> Supplied entries:
.....
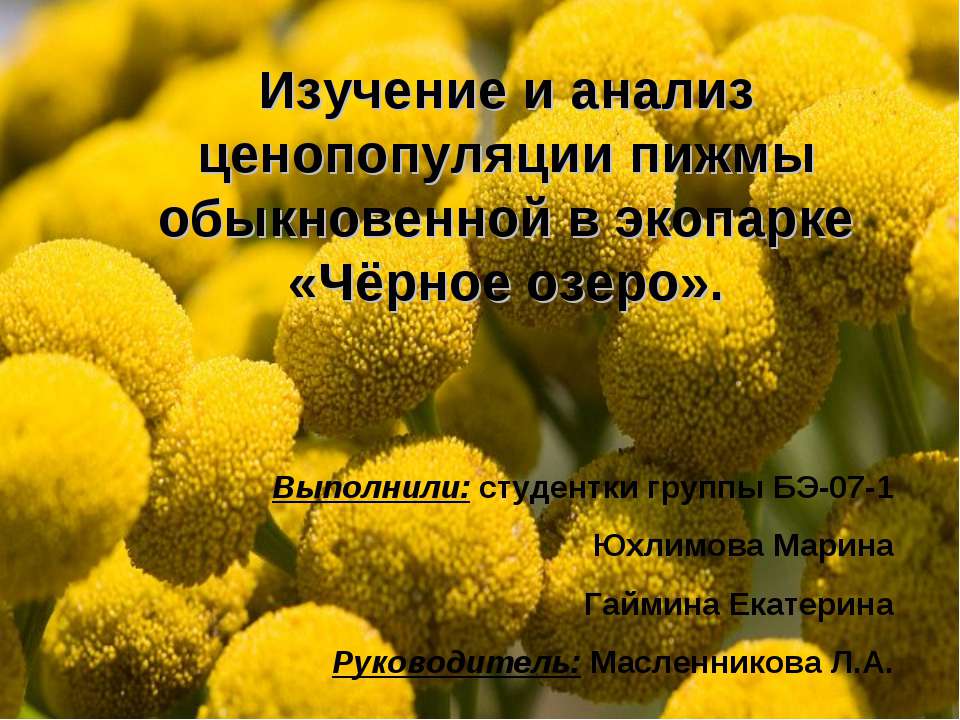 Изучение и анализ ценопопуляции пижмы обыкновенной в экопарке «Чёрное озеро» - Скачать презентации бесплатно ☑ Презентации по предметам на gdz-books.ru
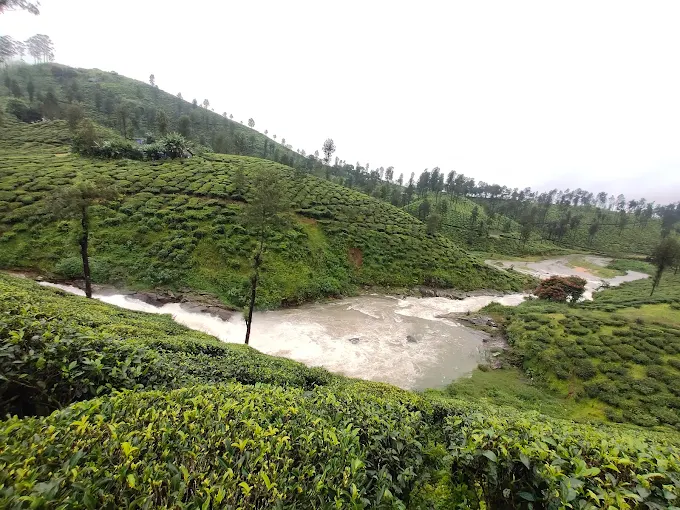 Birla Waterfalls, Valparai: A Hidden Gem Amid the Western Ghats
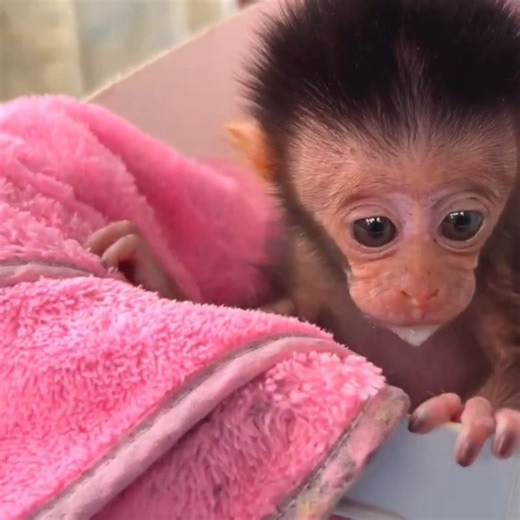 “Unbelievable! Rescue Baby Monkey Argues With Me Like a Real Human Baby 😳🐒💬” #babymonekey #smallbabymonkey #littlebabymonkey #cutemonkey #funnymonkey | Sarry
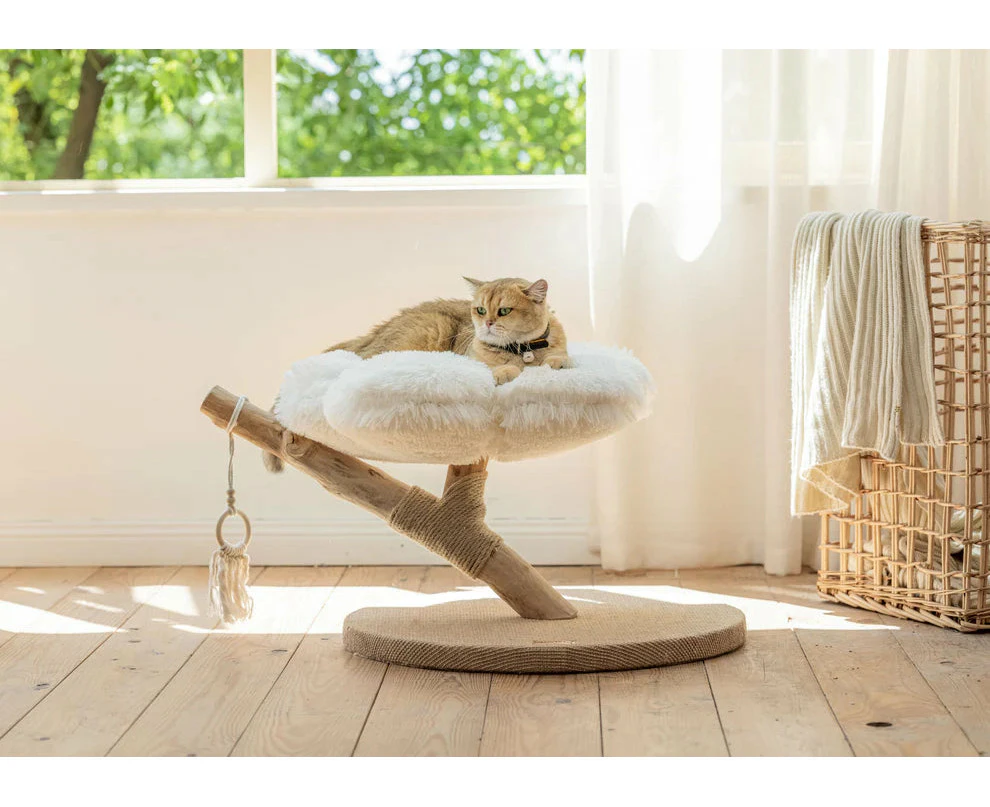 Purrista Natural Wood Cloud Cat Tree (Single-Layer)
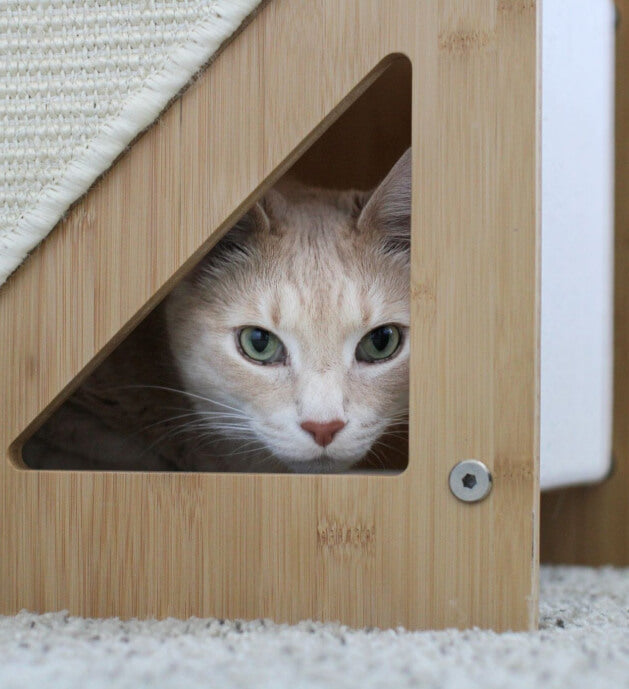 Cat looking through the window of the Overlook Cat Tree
.....
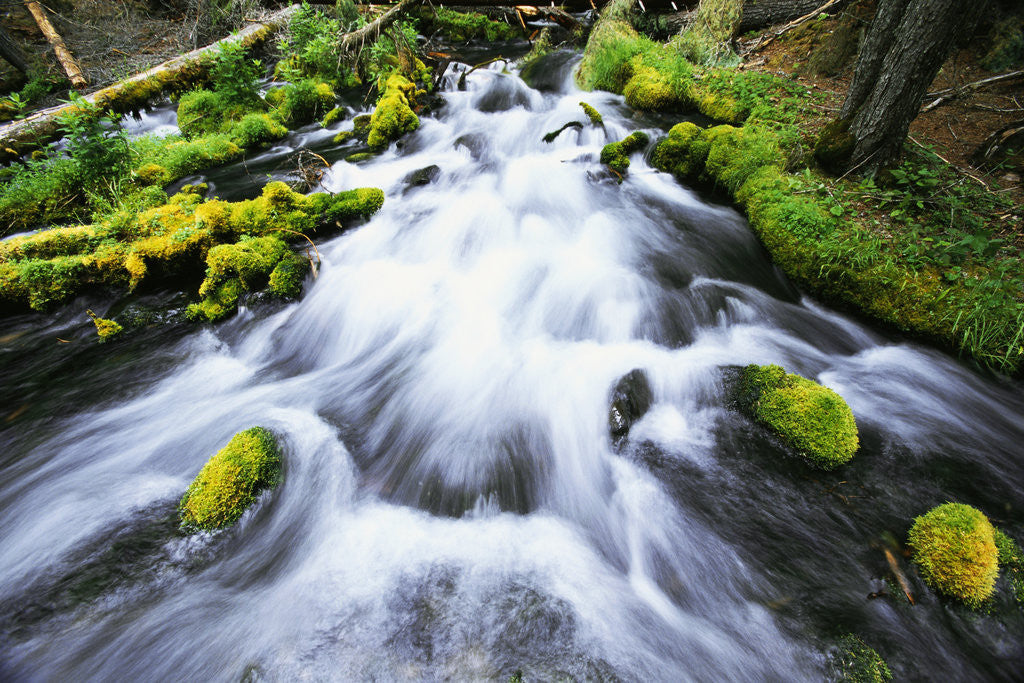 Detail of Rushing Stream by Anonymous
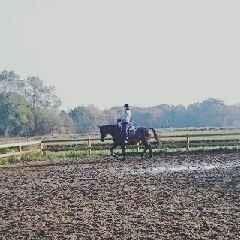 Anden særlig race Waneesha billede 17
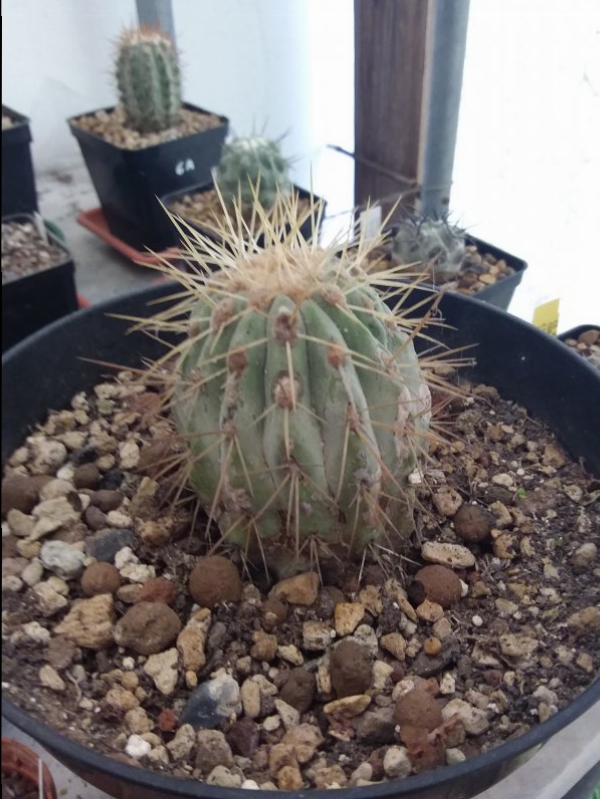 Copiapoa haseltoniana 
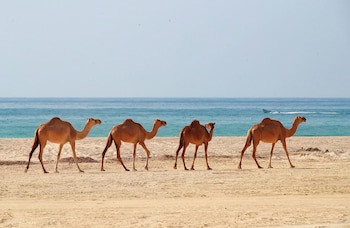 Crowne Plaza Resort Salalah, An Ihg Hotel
.....
> Required work: Starting with the line that has "Anden særlig race Waneesha billede 17" and ending with the line that has "Crowne Plaza Resort Salalah, An Ihg Hotel", repeat the lines above exactly, omitting every picture.

> Output of the exercise:
 Anden særlig race Waneesha billede 17
 Copiapoa haseltoniana 
 Crowne Plaza Resort Salalah, An Ihg Hotel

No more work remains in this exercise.